_WHAT THE TASK ASKS_
Strip the pictures and reproduce the rest of the listing exactly.

*** RECORDS FOR THIS EXERCISE Section Begins ***

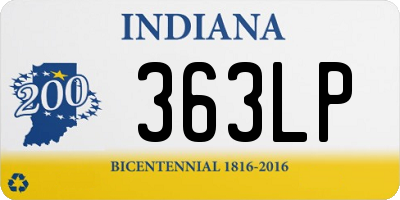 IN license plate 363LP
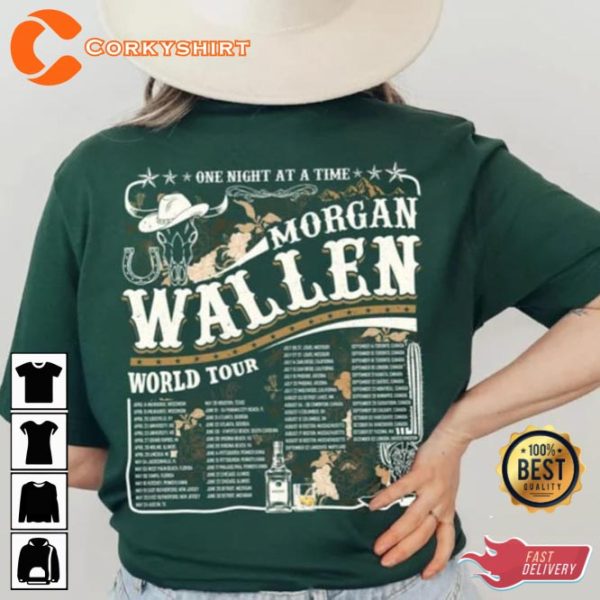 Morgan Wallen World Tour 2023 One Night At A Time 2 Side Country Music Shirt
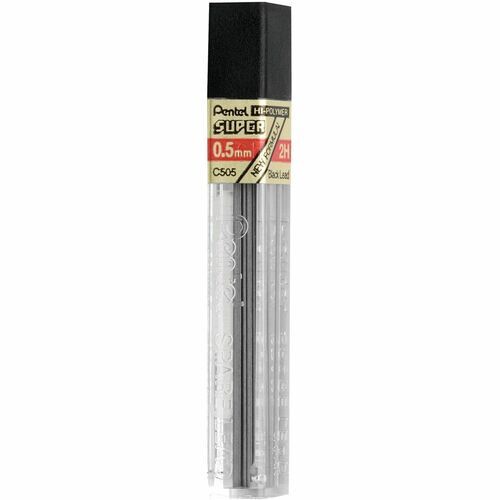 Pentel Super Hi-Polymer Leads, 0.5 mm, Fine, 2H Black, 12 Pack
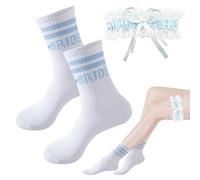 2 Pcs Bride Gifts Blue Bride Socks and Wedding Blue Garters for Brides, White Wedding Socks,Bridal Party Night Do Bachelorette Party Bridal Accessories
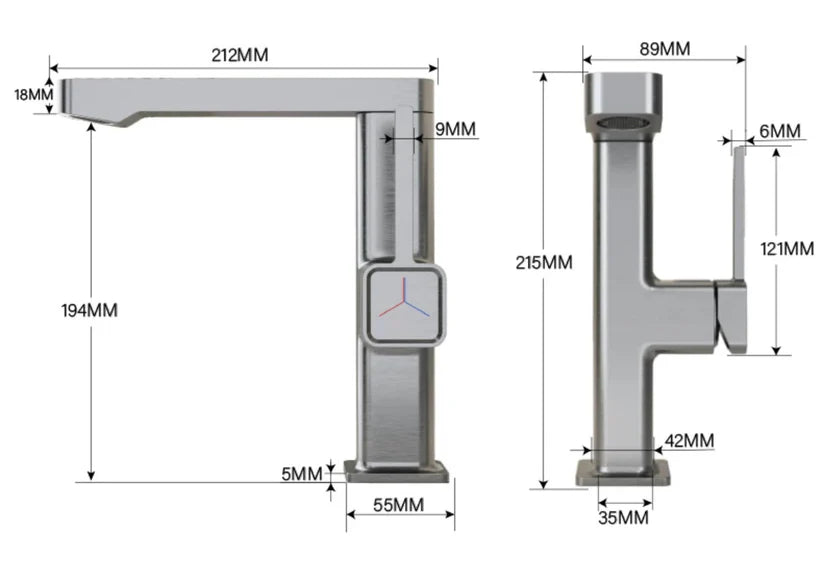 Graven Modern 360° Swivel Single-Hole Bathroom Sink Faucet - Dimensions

*** RECORDS FOR THIS EXERCISE Section Ends ***

_RESULT BELOW_
 IN license plate 363LP
 Morgan Wallen World Tour 2023 One Night At A Time 2 Side Country Music Shirt
 Pentel Super Hi-Polymer Leads, 0.5 mm, Fine, 2H Black, 12 Pack
 2 Pcs Bride Gifts Blue Bride Socks and Wedding Blue Garters for Brides, White Wedding Socks,Bridal Party Night Do Bachelorette Party Bridal Accessories
 Graven Modern 360° Swivel Single-Hole Bathroom Sink Faucet - Dimensions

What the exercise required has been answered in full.